February 5, 2024
Introduction:
Read more here: https://www.eurekalert.org/news-releases/1033501(Eurekalert) Major snowstorms in Utah’s Wasatch Mountains are both a blessing and a curse. They deliver much-needed moisture that supplies water to the state’s biggest metropolitan area and fluffy light snow to support the world’s finest powder skiing.
But heavy snowfall also wreaks havoc on canyon roads and creates extreme avalanche hazards that can sometimes shut down busy winter recreation sites. Alta at the head of Little Cottonwood Canyon, for instance, can be reached by vehicle only via a winding road that rises 3,000 feet in 8 miles, crossing about 50 avalanche paths.
University of Utah atmospheric scientists have set out to better understand extreme snowfall, defined as events in the top 5% in terms of snow accumulations, by analyzing hundreds of events over a 23-year period at Alta, the famed ski destination in the central Wasatch outside Salt Lake City. The resulting study, published this week in Monthly Weather Review, illustrates the remarkable diversity of storm characteristics producing orographic snowfall extremes in the ranges of the Intermountain West.
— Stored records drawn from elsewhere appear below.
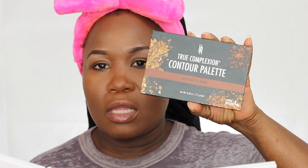I'm using my Ben Nye to contour my face. And to set my contour, I'm using this True Complexion by Black Gradients — I'm actually using the darker shade here.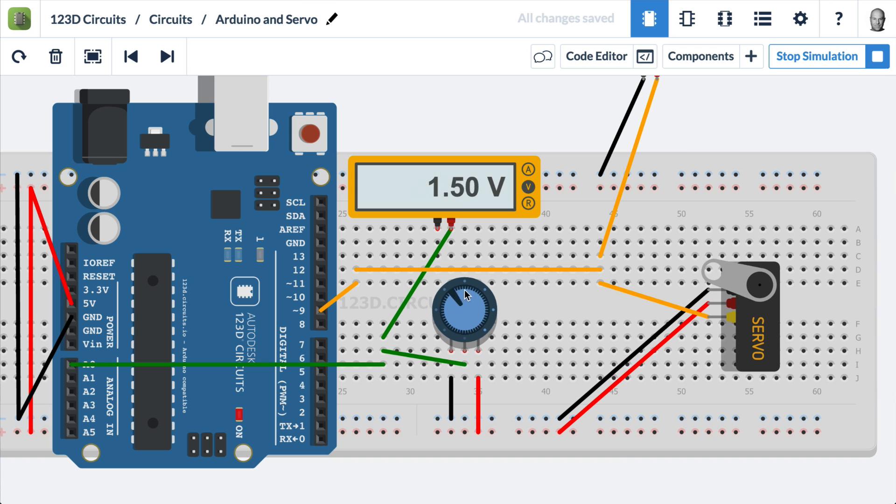In this video, we're going to demonstrate how to control a servo with an Arduino in the 123D Circuits virtual simulator. Here you can see we have an Arduino, a potentiometer, and a servo. When I turn the dial on the potentiometer, the servo follows it.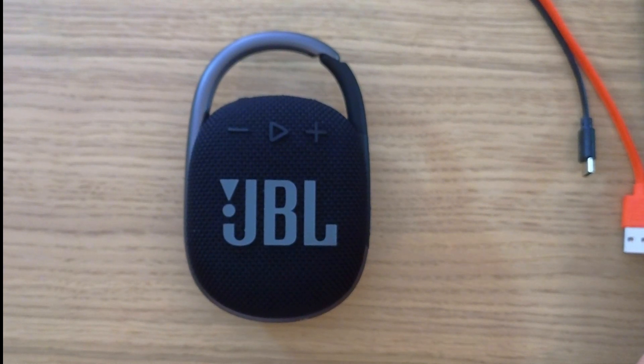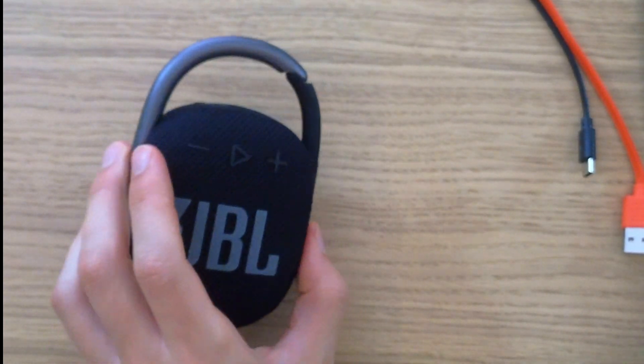Hey guys, my name is Marquez and in this video I'm going to show you how we can fix the issue when the JBL Clip 4 is not connecting or not pairing with your phone.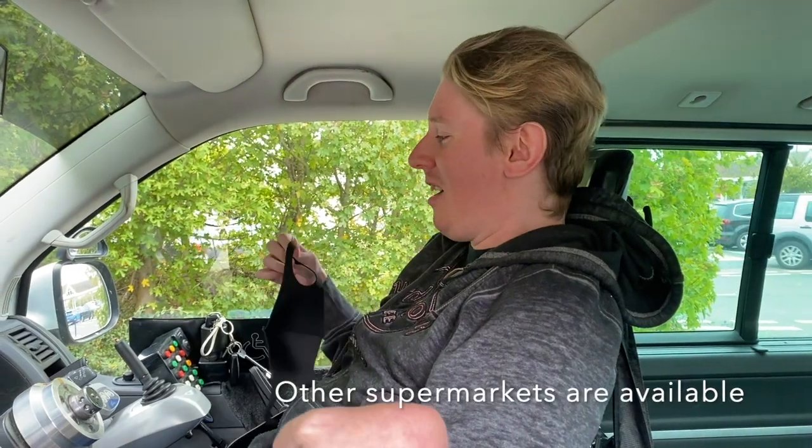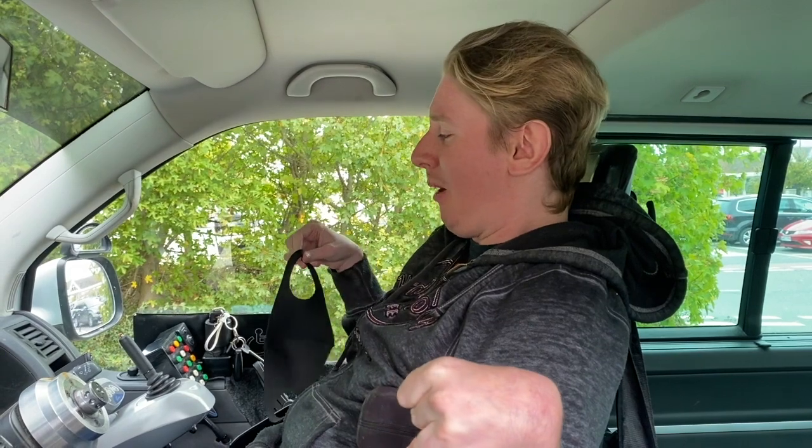I'm just about to pop into Chesco, so I've got to put my mask on, as is compulsory nowadays. So I'm going to try and put my mask on with one hand.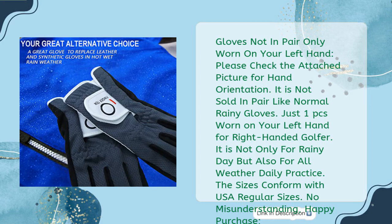Gloves are not sold in pairs — only worn on your left hand. Please check the attached picture for hand orientation. Just one piece is worn on your left hand for right-handed golfers. It is not only for rainy days but also for all-weather daily practice. The sizes conform with USA regular sizes.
The orographic effect occurs when air is forced to flow up and over mountains, which cools the air and condenses its water vapor.
Some of the new findings surprised researchers. For example, they looked for an association between heavy snow and a weather factor called “integrated vapor transport,” or IVT, but found a complicated relationship. (IVT is essentially a measure of the amount of water vapor that is being transported horizontally through the atmosphere).